# Shoulder plane which one to buy



## robdem (Apr 7, 2011)

Looking to buy one of the veritas shoulder planes either the small or medium model. Will be using this plane on small mortise and tenon joints for jewelry boxes and some picture frames . i'am leaning toward the small model but would like some feed back and recommendations thanks for any and all help .


----------



## waho6o9 (May 6, 2011)

Files and rasps should be given a look as well.

I find it easier to file to fit as opposed to plane it to fit.

I'd like a shoulder plane also, so I'll keep an eye on the thread too.


----------



## Woodbridge (Oct 12, 2011)

I originally bought the small Veritas shoulder plane but found it a bit small for some project tasks (mainly chair making). I have bought the medium one now. But for small boxes you might find the smalll one suits your needs.


----------



## OggieOglethorpe (Aug 15, 2012)

Compare the length of the typical tenon face, or width of a rabbet, that you might adjust, and choose from there.

The fewer passes you have to make, the less chance of messing up the tenon face. You can always plane a tenon face that is shorter than the plane is wide, but you'll have to make multiple passes if your plane is too narrow.

Don't pass by a rabbet block, either… They're wider than most shoulder planes.

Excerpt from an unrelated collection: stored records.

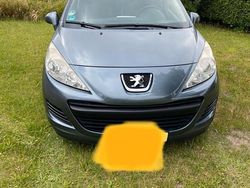 Grau Gebraucht 2010 Peugeot 207 Kleinwagen | 2.150 €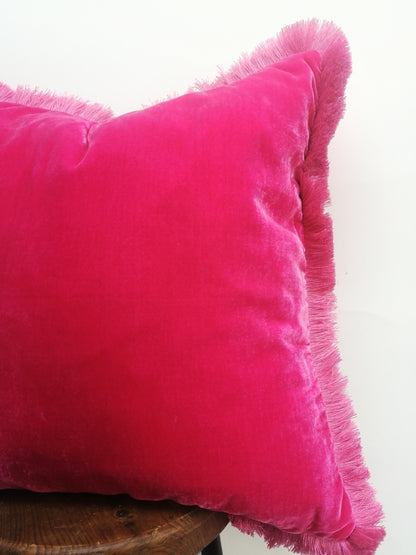 Hot pink silk velvet pillow // bright pink silk velvet cushion // pink velvet fringe pillow cushiom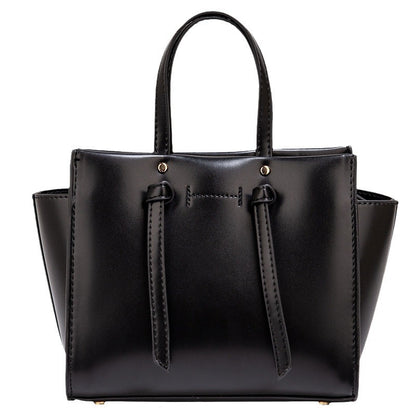 Wings Style Large Capacity Shoulder Bag Vertical Square 2025 Trend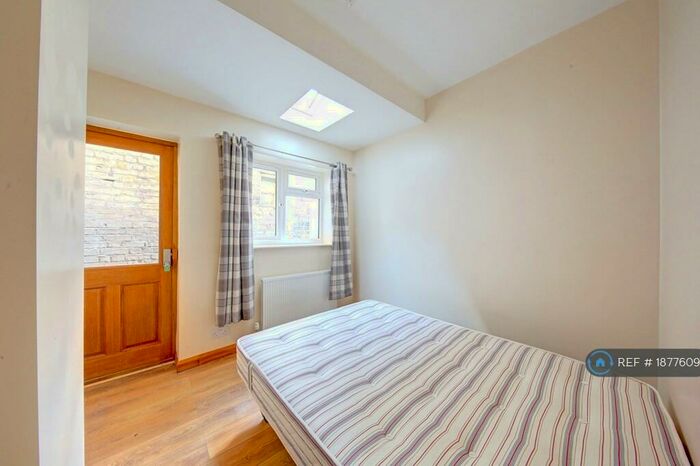 5 Bedroom Semi-Detached House To Rent In Canbury Park Road, Kingston Upon Thames, KT2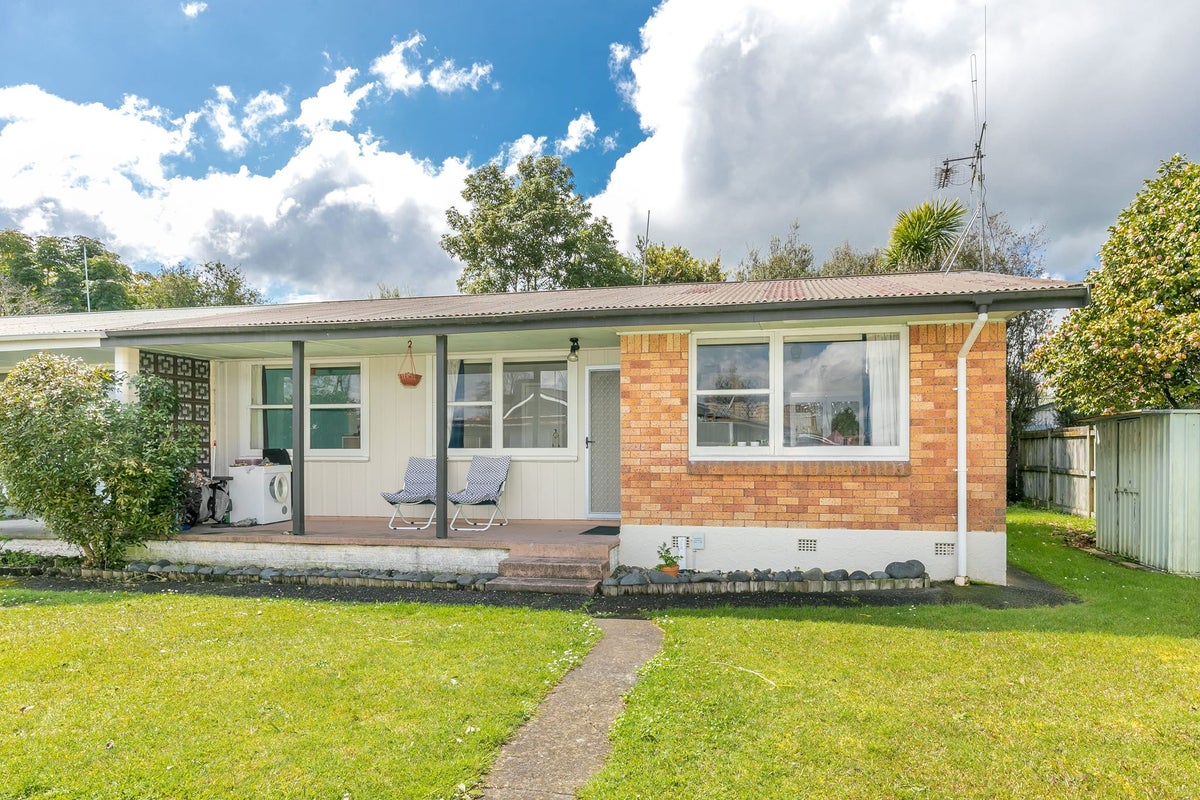 8B Braid Road, St Andrews, Hamilton - Carousel 1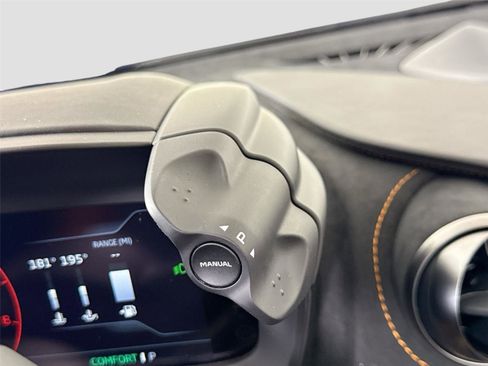 Used 2024 McLaren 750S Spider image 21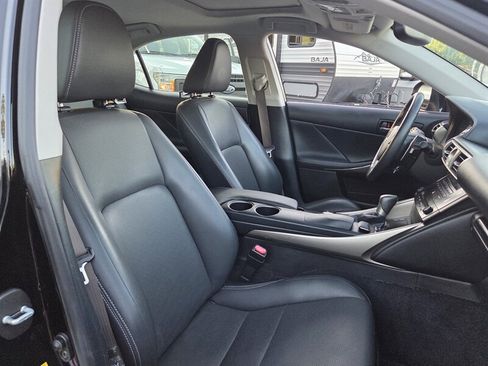 Used 2014 Lexus IS 250 w/ Navigation Package image 21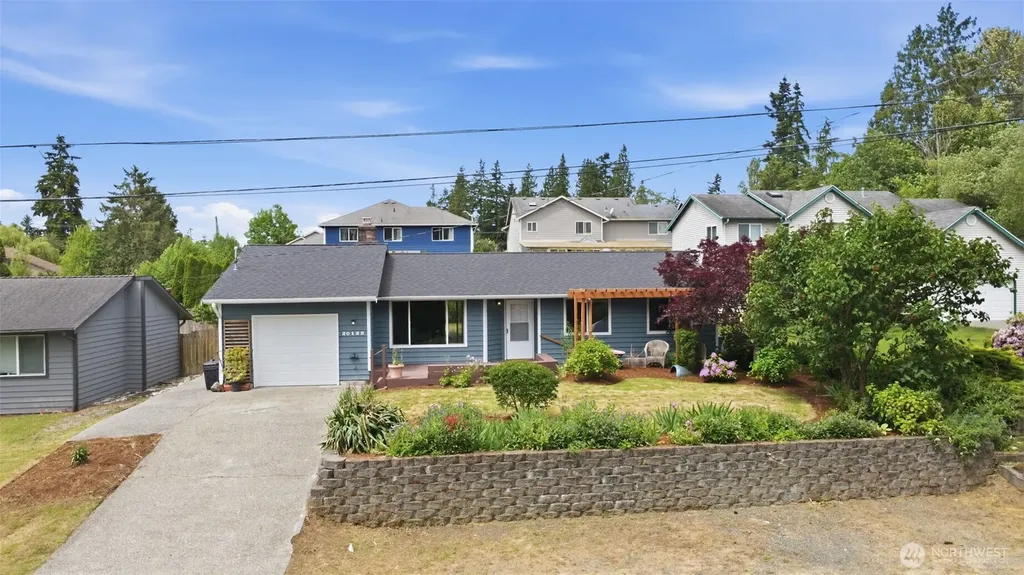 20122 32nd Avenue W Lynnwood WA 98036
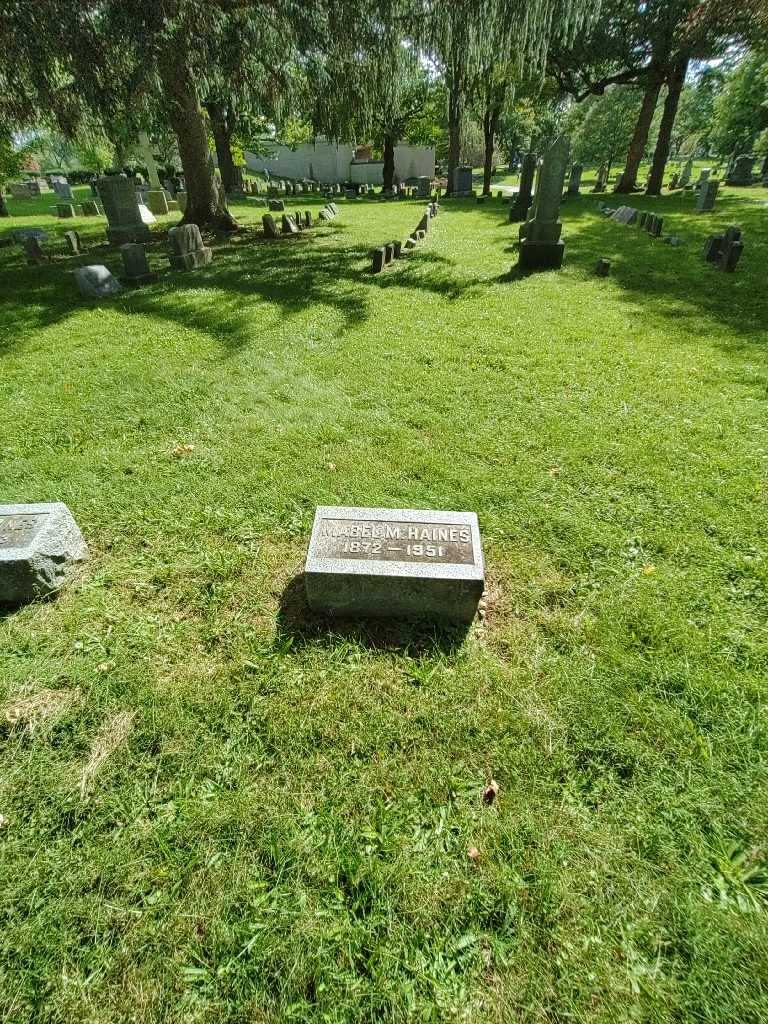 Mabel M. Haines's grave. Photo 1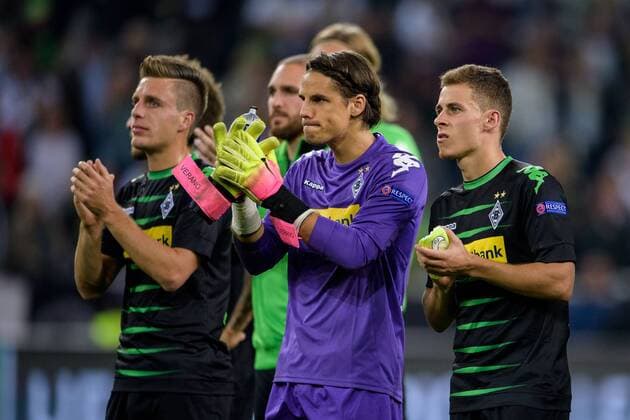 Patrick Herrmann (Borussia Moenchengladbach 7), Torwart Yann Sommer (Borussia Moenchengladbach 1) und Thorgan Hazard (Borussia Moenchengladbach 10) beim Champions League Spiel zwischen Borussia Moenchengladbach und dem FC Barcelona Barca 28.09.2016 Moenchengladbach Copyright: xSchuelerx xEibnerx-xPressefotox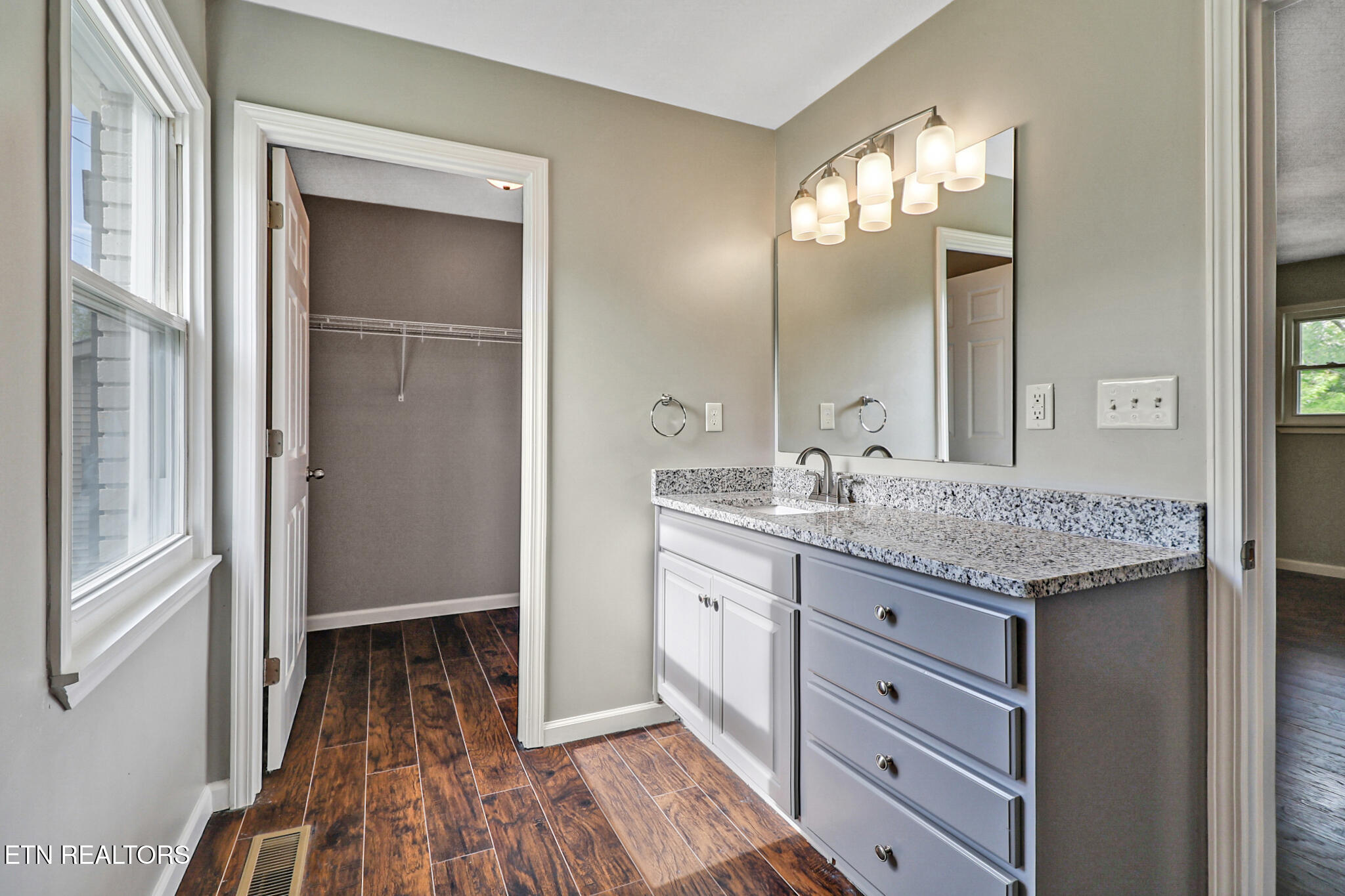 32 Rhododendron Circle Crossville TN 38555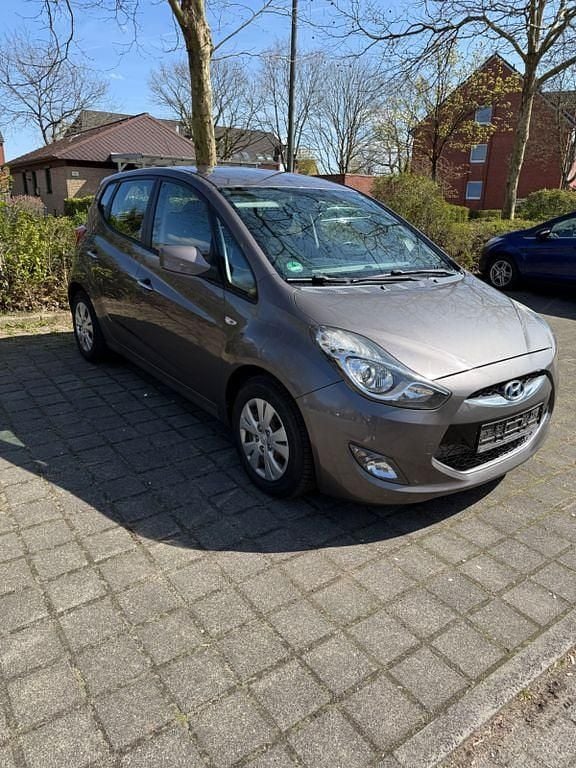 Gebraucht Hyundai ix20 Comfort 90 PS (66 kW) 2011 Braun Kleinwagen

You would typically flatten the floor of a dado or groove with a router plane, so don't choose your shoulder plane based on thoughts of fitting in a housed groove.


----------



## AandCstyle (Mar 21, 2012)

I have the medium one and love it, but I make furniture mostly so it might be too big for your projects. I tried using a file and had a hard time keeping everything square, YMMV.


----------



## robdem (Apr 7, 2011)

Thanks for the input guys .


----------



## Smitty_Cabinetshop (Mar 26, 2011)

^ +1 to what Barry says, he's got good insight there!


----------



## pcott (Jul 7, 2009)

I have the medium, and really love it, but if I were to do it again, I would buy the large shoulder plane.


----------



## Texchappy (Apr 27, 2012)

This is somewhat timely as a shoulder plane is one of the few tools I need to complete the shaker table I'm planning (just got the Chris Schwarz DVD).


----------



## LeeBarker (Aug 6, 2010)

If money is an object, you might consider one of the rabbet/fillister planes made by several manufacturers in the last century. (Still made, but they vintage ones appear to be better quality.) They are plentiful and you can pick one up on the 'bay for about the price of a replacement iron for your Veritas.

Here are two examples.

To see them all you have to search both "fillister plane" and "duplex plane."

Prices vary widely but I have purchased two for under $25 (plus shipping) in the past couple years. The fence is nice. The nicker is likely a requirement. And besides, it is always handy to be able to say, when you really don't want to be at the party, "I must go home now and sharpen my nicker."

Kindly,

Lee


----------



## bandit571 (Jan 20, 2011)

Maybe one like this?









The sides are also machined, so take the fences off, and lay it on it's side.









with the grain or across the grain…


----------



## robdem (Apr 7, 2011)

Lee/ Bandit don't know much about these planes will do some research on them . Thanks for the info on these plans . Lee I looked at the ones on ebay might put bid on one once figure out how to use them any reason to buy a new tool.


----------



## jusfine (May 22, 2010)

I have a few of the Record and Clifton shoulder planes… 









I find that the one I pick up most often is a Record 41, fits nicely in the hand and is a pleasure to use. You can usually find them on eBay quite reasonably priced. The Clifton 410 is the same size if you come across one of those…










Of course, the Veritas planes are quite refined and have a little nicer adjustments.


----------



## HorizontalMike (Jun 3, 2010)

My shoulder plane is at the low end of the spectrum,... a 3/4in Stanley #92. I had to do a lot of adjusting to make this thing worthwhile. That said, I find that the ability to convert it to a chisel plane to be a valuable trait. My 2-cents.


----------



## JohnChung (Sep 20, 2012)

I do own a medium shoulder plane. I do use the plane along with the block plane when the cheek is involved. For a medium shoulder plane it is good enough for most purpose. Handling large shoulders a bigger shoulder plane would be beneficial but not necessary.

Small shoulders can be done using a medium plane. I do have a miniature shoulder plane… It may actually be a better choice for jewellery boxes.


----------